The DVD presentation is very much as you would expect from 2 Entertain. The picture is anamorphically enhanced in 1.78:1 and generally looks fairly good, with the middle-to-late run of episodes, which have a slightly darker subject matter and look to them, coming across that bit better on DVD. The standout moment in the entire series is Lady Adelaide following little Polly into the woods in episode 6, which is very much sharper than most of the show, but, on the whole, 2 Entertain have done a reasonable job. The only problem comes with the dim lighting used in the making of the series, which can leave Lark Rise To Candleford looking as though the meter ran out halfway through a scene. The effect of candle light is all very good at setting a scene but not quite so good if, as a viewer, you find yourself peering into the gloom to pick out the characters. The DD2.0 audio track, which is the only option, is fine. There's nothing one can say against it but, similarly, there's little that one can say in praise of it. The dialogue is clear, there's little obvious background noise and things sound very much as one would expect. Finally, there are English subtitles throughout.

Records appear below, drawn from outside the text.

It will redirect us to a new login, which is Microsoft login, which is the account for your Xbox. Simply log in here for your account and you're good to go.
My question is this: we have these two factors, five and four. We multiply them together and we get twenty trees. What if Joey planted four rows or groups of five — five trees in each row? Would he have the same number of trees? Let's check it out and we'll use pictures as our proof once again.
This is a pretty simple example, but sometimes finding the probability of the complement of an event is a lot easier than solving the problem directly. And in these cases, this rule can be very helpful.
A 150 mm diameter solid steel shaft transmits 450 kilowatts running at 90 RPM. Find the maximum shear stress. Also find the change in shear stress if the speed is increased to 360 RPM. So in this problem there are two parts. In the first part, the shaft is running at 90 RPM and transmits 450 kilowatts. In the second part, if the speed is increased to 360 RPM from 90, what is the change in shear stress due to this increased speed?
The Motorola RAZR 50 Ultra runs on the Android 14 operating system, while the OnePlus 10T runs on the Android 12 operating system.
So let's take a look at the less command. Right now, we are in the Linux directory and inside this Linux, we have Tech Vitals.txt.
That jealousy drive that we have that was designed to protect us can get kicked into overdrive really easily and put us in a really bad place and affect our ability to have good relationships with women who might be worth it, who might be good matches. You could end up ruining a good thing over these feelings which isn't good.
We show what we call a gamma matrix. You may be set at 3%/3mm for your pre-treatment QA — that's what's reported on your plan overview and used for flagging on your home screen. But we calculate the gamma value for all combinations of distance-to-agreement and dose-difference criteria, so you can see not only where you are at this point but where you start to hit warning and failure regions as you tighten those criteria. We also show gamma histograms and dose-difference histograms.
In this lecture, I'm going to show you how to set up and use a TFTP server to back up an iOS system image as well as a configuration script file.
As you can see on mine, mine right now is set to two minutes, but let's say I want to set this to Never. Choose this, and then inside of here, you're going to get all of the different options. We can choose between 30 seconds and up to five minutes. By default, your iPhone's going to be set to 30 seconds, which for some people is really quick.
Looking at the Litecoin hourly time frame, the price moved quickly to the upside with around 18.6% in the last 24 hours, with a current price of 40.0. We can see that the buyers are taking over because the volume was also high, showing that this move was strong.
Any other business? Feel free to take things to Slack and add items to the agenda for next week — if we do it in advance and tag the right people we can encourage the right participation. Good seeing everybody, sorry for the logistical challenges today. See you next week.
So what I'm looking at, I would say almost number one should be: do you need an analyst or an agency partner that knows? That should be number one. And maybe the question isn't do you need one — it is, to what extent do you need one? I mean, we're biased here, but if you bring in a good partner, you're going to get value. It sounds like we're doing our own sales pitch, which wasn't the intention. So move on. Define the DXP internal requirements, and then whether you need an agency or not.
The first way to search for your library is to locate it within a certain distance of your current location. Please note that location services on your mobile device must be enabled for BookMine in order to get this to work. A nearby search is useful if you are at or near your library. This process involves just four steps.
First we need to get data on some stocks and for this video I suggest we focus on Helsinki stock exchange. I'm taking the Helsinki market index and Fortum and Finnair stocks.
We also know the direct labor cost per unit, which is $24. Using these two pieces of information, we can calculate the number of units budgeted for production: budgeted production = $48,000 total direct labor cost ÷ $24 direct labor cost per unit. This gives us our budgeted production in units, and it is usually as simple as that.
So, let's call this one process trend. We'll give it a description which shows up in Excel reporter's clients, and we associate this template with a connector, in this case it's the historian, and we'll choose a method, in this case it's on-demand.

The only bonus material on the disc is The Making Of Lark Rise To Candleford (29m10s), a reasonable look behind the scenes at how the series was produced, descriptions of the characters by those who play them and how much care was taken over getting the details right. As such, it isn't the most exciting of extras and the set would have been no worse without it but it's interesting enough to watch once, particularly if the fourth DVD is sitting in the player and you're too lazy to get up to change channels, if not any more than that.